HYPERXITE POD VII
STATIC STRUCTURES
Static Structures develops the chassis, or the mainframe of the Hyperloop pod, with a focus on modularity so that all Pod’s components can be securely mounted. The chassis is built using aluminum extrusions that are connected by corner brackets; aluminum provides a lightweight frame without compromising on structural integrity. Components from the other subsystems were created on SolidWorks and have been integrated into the chassis. Mechanical simulations have been run on the integrated chassis to ensure there is stability of the pod throughout the run and space efficiency with all components onboard. A carbon fiber fairing is placed on top of the chassis to minimize aerodynamic drag,sustain the pod’s velocity for greater lengths, and lower overall power consumption. Static Structures is currently developing and refining the carbon fiber fairing for the pod to have an aerodynamic drag coefficient of approximately 0.25.
DYNAMIC SYSTEMS
The Dynamic Systems subteam is responsible for designing and optimizing the suspension and propulsion systems on the pod, ensuring that it will remain stable despite perturbations encountered on the I-beam track. This subteam uses dynamic simulations in Simulink to source springs and dampers that will yield optimal vibrational responses when faced with a deflection. Additionally, this subteam has developed a pod trajectory simulator in Python, capable of taking motor parameters as inputs to calculate the ideal position to begin braking given a fixed track length. This trajectory simulator was used to source a motor with specifications that would yield the highest top speed on a track length of 300ft.
BRAKING
The braking system is a pneumatically-actuated, friction braking system that can apply up to 2G of braking force. This year, the braking system is developing our first fiction-based fail-safe in the case of pneumatic failure and will bring the Pod to a complete stop regardless of its current state.
One innovation from the braking subsystem is the failsafe. This is the first year where we will have a fail-safe friction-based braking system. A failsafe is a mechanism that ensures that the braking system will always generate braking force. Past designs relied on an air supply to generate the braking system.

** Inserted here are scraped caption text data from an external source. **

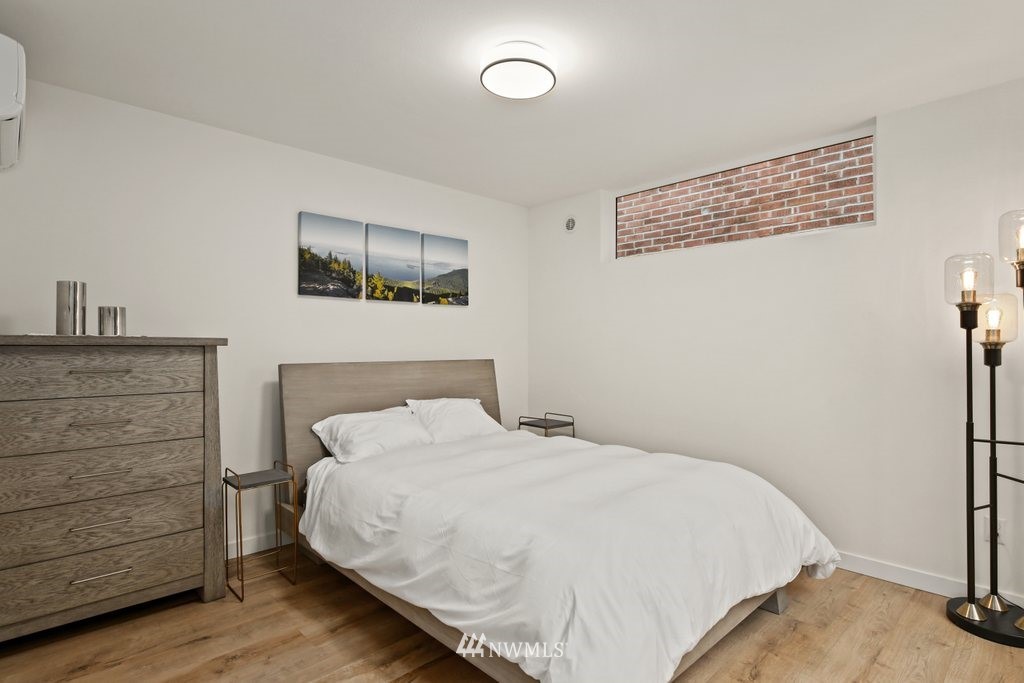 1117 East Howell Street Seattle, WA 98122 - Photo 12 of 30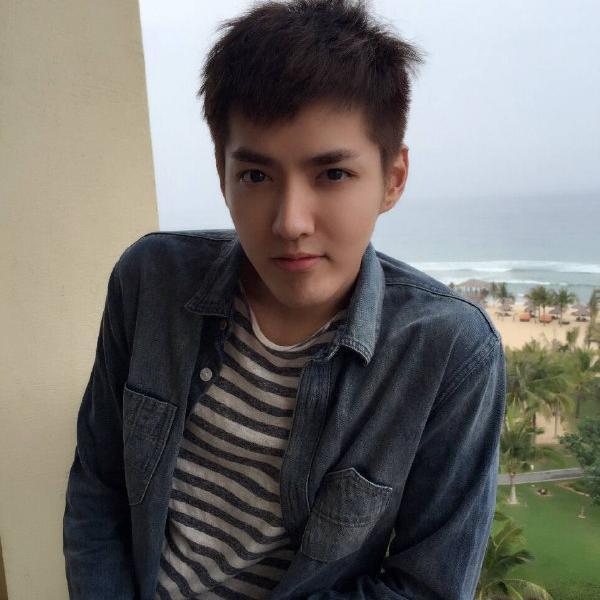 dont follow this account. follow @luhandeerlight instead :) thankyou :*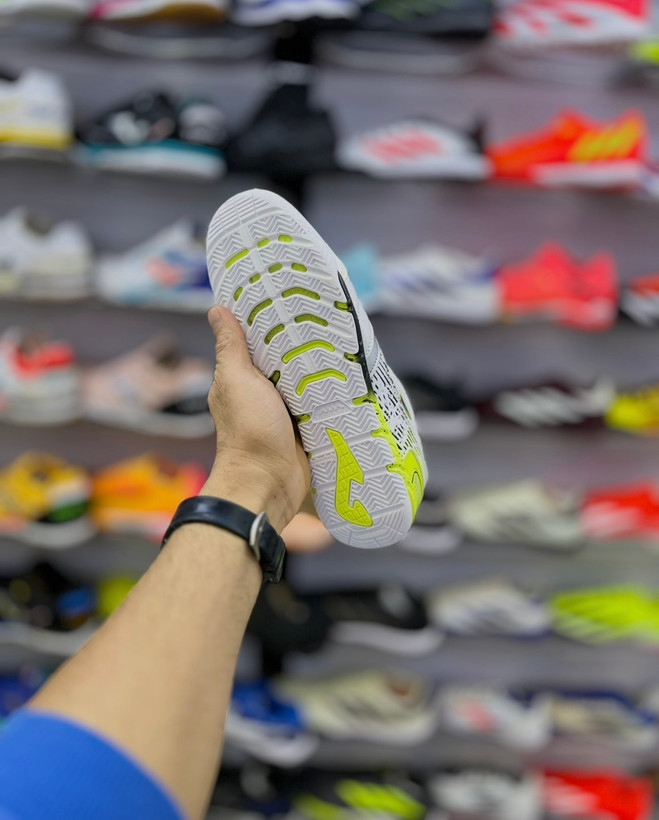 نسخه سفید سبز موندیال با طراحی متعادل و عملکرد پایدار در سالن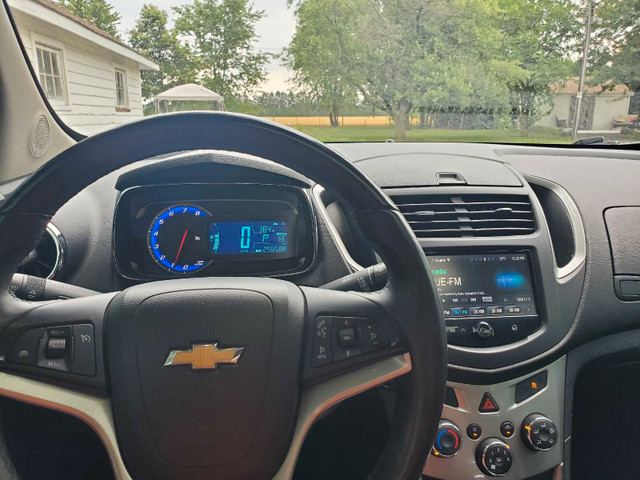 2014 Chev Trax For sale in Cars & Trucks in Chatham-Kent - Image 2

This year we will be using gas springs to generate the braking force which allows the braking system to "fail safely". Some of the work that we are doing behind the scenes is developing a braking test rig that will help us validate our design and manufacturing the braking subsystem.
PNEUMATICS
The pneumatics system utilizes an electronic pressure regulator to step down pressurized air stored in an air tank. The electronic pressure regulator is composed of a pressure transducer that directly interfaces with a control valve to establish closed-loop pressure control and utilizes feedback control to account for any pressure fluctuations and adjust the downstream pressure accordingly. A braking test rig will be used to test the functionality of the pneumatics system and test that the system functions in the event of rapid pressure depletion.
POWER SYSTEMS
It is the responsibility of Power Systems to design, generate, and verify an electrical system that allows for the powering and inter-communication of all electronic components on the pod. This is implemented through two main sub-systems: the Low Voltage System (LVS) and the High Voltage System (HVS). The LVS is responsible for powering and controlling all low-power components on the pod including sensors, relays, micro-computers, etc. The principal component within the LVS is a central printed circuit board (PCB) which holds the protective circuitry and all other low-powered components within the pod. This minimizes debugging time as well as simplifies the connection of various components. The HVS’s main purpose is to power the pod’s motors and motor controllers using high voltage batteries. Safety features such as a dedicated pre-charge protective circuit and manual disconnect switch will be present in the HVS to allow for the safe operation of sensitive components as well as mitigate risks posed to students while working on the pod.
CONTROL SYSTEMS
The Control Systems subteam monitors the state of the Pod and its components with various sensors. They use Ubiquiti Rocket M900s to set up a wireless TCP/IP communication between the Host computer and the pod. This network sends information about the state of the pod to the host computer, and the host computer can send commands to the pod to execute (brake, start-stop, etc). Additionally, three pressure transducers gauge the PSI levels in the base station and inform the host computer if the pod is going to a low-pressure state or a high-pressure state. If the air pressure in the pod is not within a certain acceptable range, the host computer can be notified and the pod can be brought to a halt immediately due to safety concerns. A CANdapter interfaces the Orion BMS 2 with the Raspberry Pi so the Raspberry Pi can consolidate useful information about the battery (pack current, temperature, pack voltage, etc.) and send it to the host computer.
RESEARCH & DEVELOPMENT
Research & Development is working on HyperXite's next generation pod propulsion system. HyperXite’s pods have historically used various types of rotary motors for wheel-based propulsion; our sub-team aims to develop HyperXite’s first linear induction motor, as this is a critical technology to achieve the speed and efficiency envisioned by the Hyperloop concept.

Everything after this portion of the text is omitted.